President of Oromia Region
- In office 6 September 2010 – 18 February 2014
- Preceded by: Abadula Gemeda
- Succeeded by: Muktar Kedir

Personal details
- Born: Alamaayyoo Atomsaa 12 February 1969 Bonaya Boshe, Welega Province, Ethiopian Empire
- Died: 6 March 2014 (aged 45) Bangkok, Thailand
- Party: Ethiopian People's Revolutionary Democratic Front
- Other political affiliations: Oromo People's Democratic Organization
- Education: Ethiopian Civil Service University (LL.B.) Peking University (M.P.P.)

= Alemayehu Atomsa =

Ethiopian politician (1964–2014)

Alemayehu Atomsa (Alamaayyoo Atoomsaa; አለማየው አቶምሳ; 12 February 1969 - 6 March 2014) was an Ethiopian politician who served as the president of the Oromia Region, the largest of the country's regions, from 2010 until his resignation due to illness in 2014, from which he died in Bangkok, Thailand, on 6 March 2014.

==Early life and career==

Alemayehu was born on 12 February 1969 in the village of Sere in Welega Province, now in Bonaya Boshe District in the Misraq Welega Zone of the Oromia Region. Alemayehu attended school close to his home district at Gubo Leyo Primary School and Siri Secondary School. During the Ethiopian Civil War, he was conscripted by the government to fight against EPLF and TPLF rebels. He, however, was captured by TPLF rebels. Soon after, his captors gave him the option of continuing to be their POW or becoming a founding member of the Oromo People's Democratic Organization (OPDO); he chose the latter.

He received a law degree from the Ethiopian Civil Service University and a Master of Public Policy degree from Peking University in Beijing, China.

Alemayehu started his career as a teacher.

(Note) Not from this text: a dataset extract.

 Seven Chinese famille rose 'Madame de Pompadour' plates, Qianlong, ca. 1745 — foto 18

He rose to become the Director of the Information Agency of the Oromia Region, and then managing director of the Ethiopian Radio and Television Agency.

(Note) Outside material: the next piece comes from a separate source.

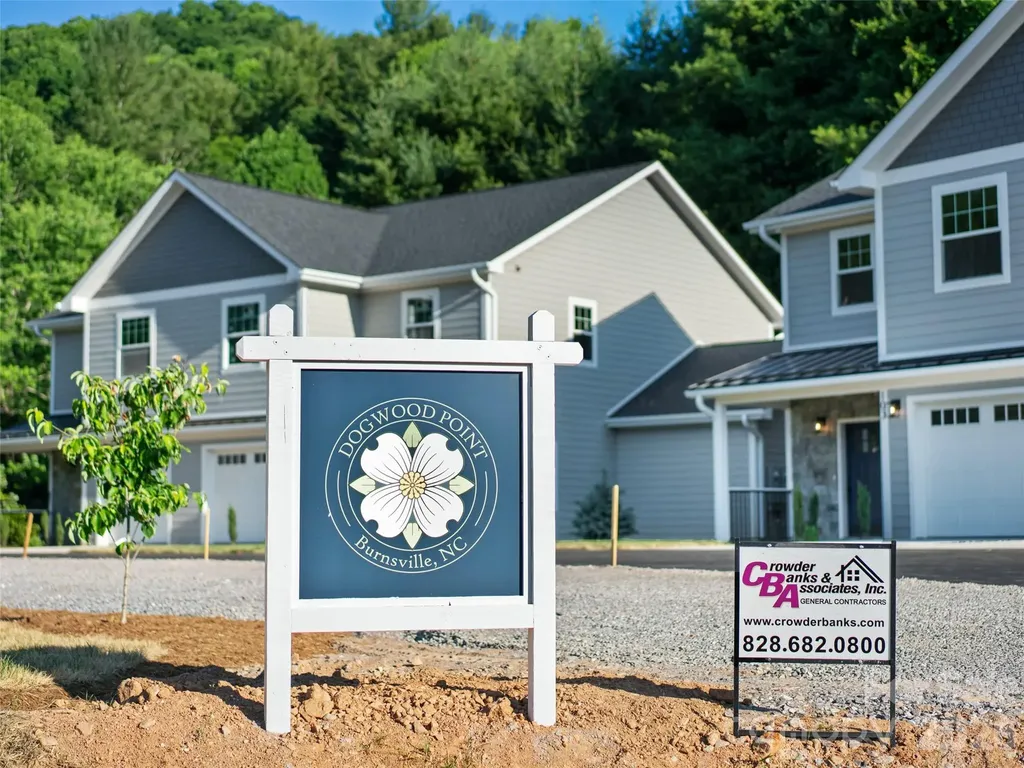100 Red Twig Lane Burnsville NC 28704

Alemayehu joined the armed struggle against the military junta of President Mengistu Hailemariam in 1989. He had been part of the leadership of OPDO and EPRDF since the ousting of the military junta in 1991; among others, as head of Oromia's eastern Wolega zone and head of Oromia's western Wolega zone. Alemayehu served as Oromia's chief of security, as head of OPDO's political department and as head of OPDO's headquarters from 1996 to 2002. He was head of Oromia's Communications Bureau, then Director General of Ethiopian Radio and Television Agency from 2006 to 2010. In 2012, Alemayehu became Chairperson of OPDO and President of Oromia region.

He was the father of two daughters and two sons.

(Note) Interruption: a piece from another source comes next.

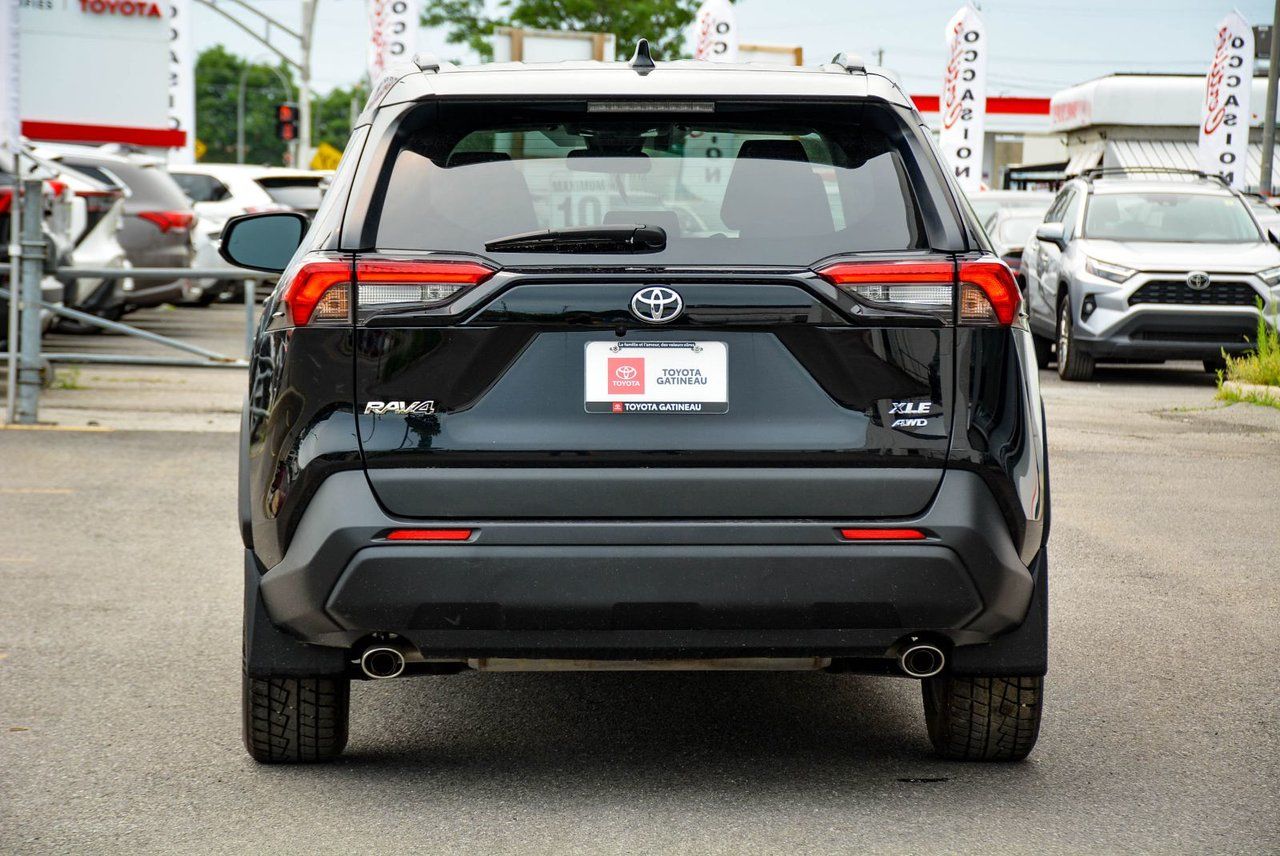 Toyota RAV4 XLE AWD CERTIFIED TOYOTA 2025 — photo 8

==Presidency of the Oromia Region==
Alemayehu, an "obscure figure with little connection to the OPDO’s rank and file" became president of the Oromia Region on 6 September 2010, succeeding former General Abadula Gemeda, who was elected to the Federal Parliamentary Assembly and became the Speaker of the House of Peoples' Representatives. "Hailed [for] his strength and leadership charisma", as president, Alemayehu took a strong, public, and controversial stance against corruption, and within months of his assuming office several public officials had been arrested for bribery, nepotism, and other acts of corruption. Under his presidency, the Addis Ababa - Adama Expressway, the country's first modern motorway, was built to connect the capital city of Addis Ababa to the city of Adama, the largest city in the Oromia Region.
However, within months of taking office, he fell severely ill due to food poisoning, and remained so throughout his tenure. Thus for much of his tenure, he was abroad seeking medical treatment, and by 2013 he had "virtually withdrawn from public life" as a result. In 2012, he tendered his resignation to then-Prime Minister Meles Zenawi, but it was rejected, as were several other requests, before his resignation was finally accepted on 17 February 2014.

==Illness and death==

Alemayehu died of food poisoning on 6 March 2014 at the Bumrungrad International Hospital in Bangkok, at 1AM, having received treatment for the five weeks prior. Some opposition sources have suggested that foul play was at hand in his death, as his anti-corruption campaign threatened existing political figures.

At a memorial service at Holy Trinity Cathedral, Prime Minister Hailemariam Desalegn said that Alemayehu had been "a fighter and a comrade who worked tirelessly till the end for the people of Oromia and Ethiopia." Flags around the country flew for three days at half-mast. Also expressing their condolences were President Mulatu Teshome, the House of Federation and the House of Peoples' Representatives.